▶ **What is expected**: Leave the pictures out, and repeat exactly each line from the one that holds "Furnished Finder property 890332_1 photo 17" through the final line of the entries below.

[[ Listed records open ]]

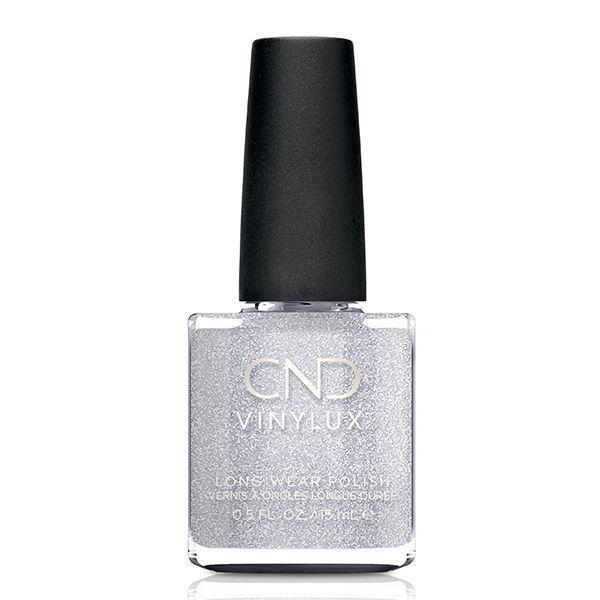 291 After Hours, Night Moves, CND Vinylux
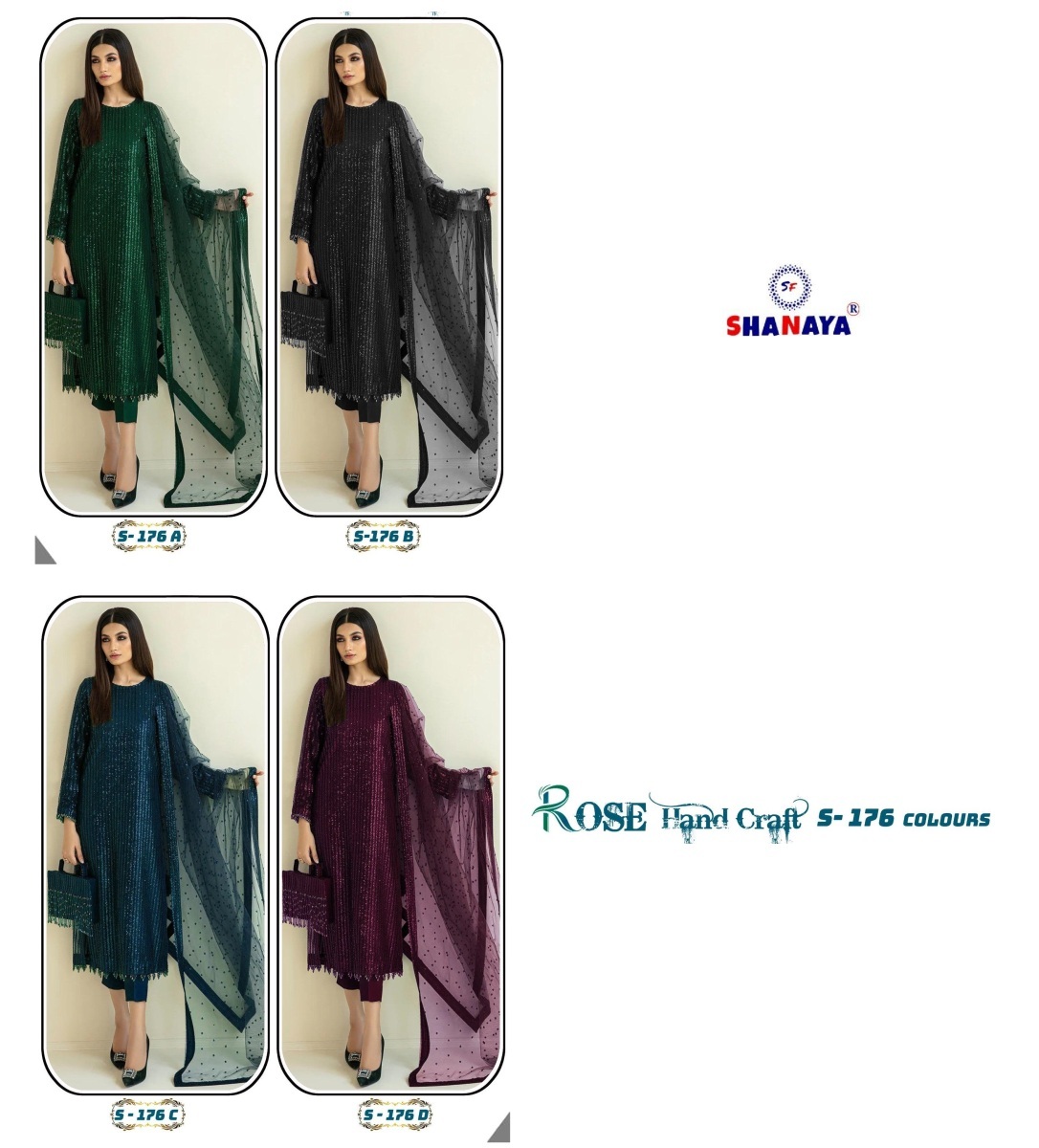 SHANAYA-FASHION-S-176-A-B-C-D-SALWAR-SUITS-1
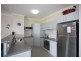6/320 Esplanade, Scarness QLD 4655
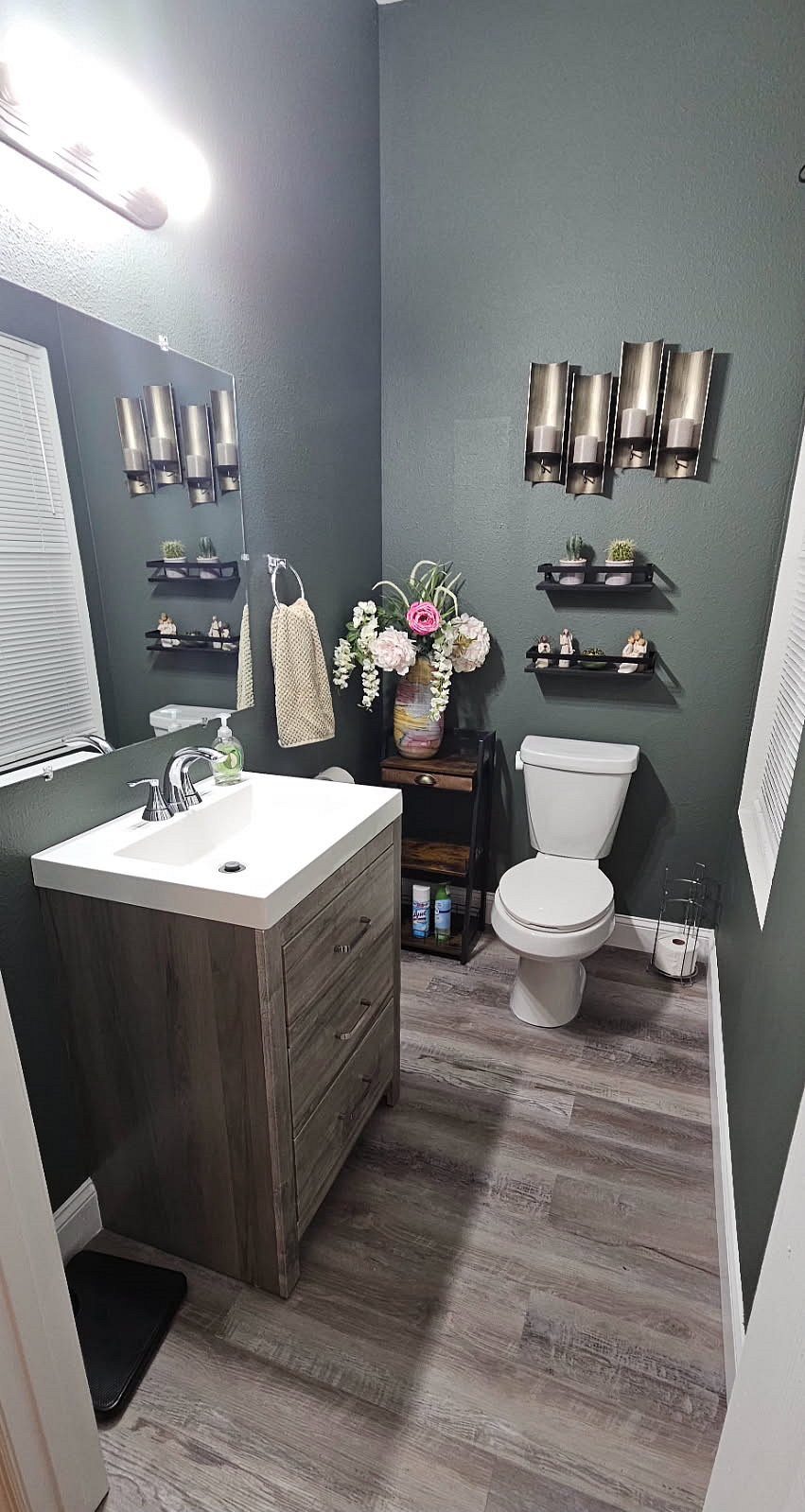 Furnished Finder property 890332_1 photo 17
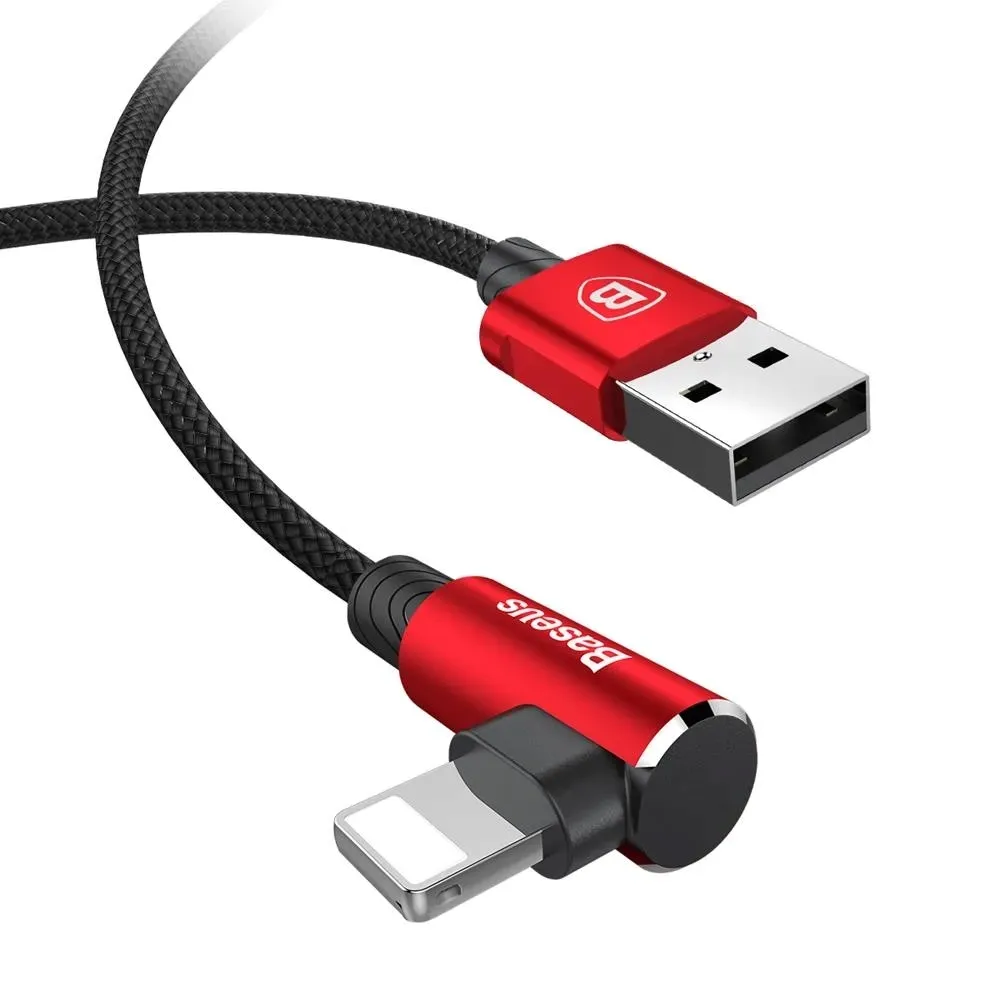 baseus-kabel-mvp-elbow-usb-lightning-10-m-2a-czerwony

[[ Listed records closed ]]

▶ **Task result**:
 Furnished Finder property 890332_1 photo 17
 baseus-kabel-mvp-elbow-usb-lightning-10-m-2a-czerwony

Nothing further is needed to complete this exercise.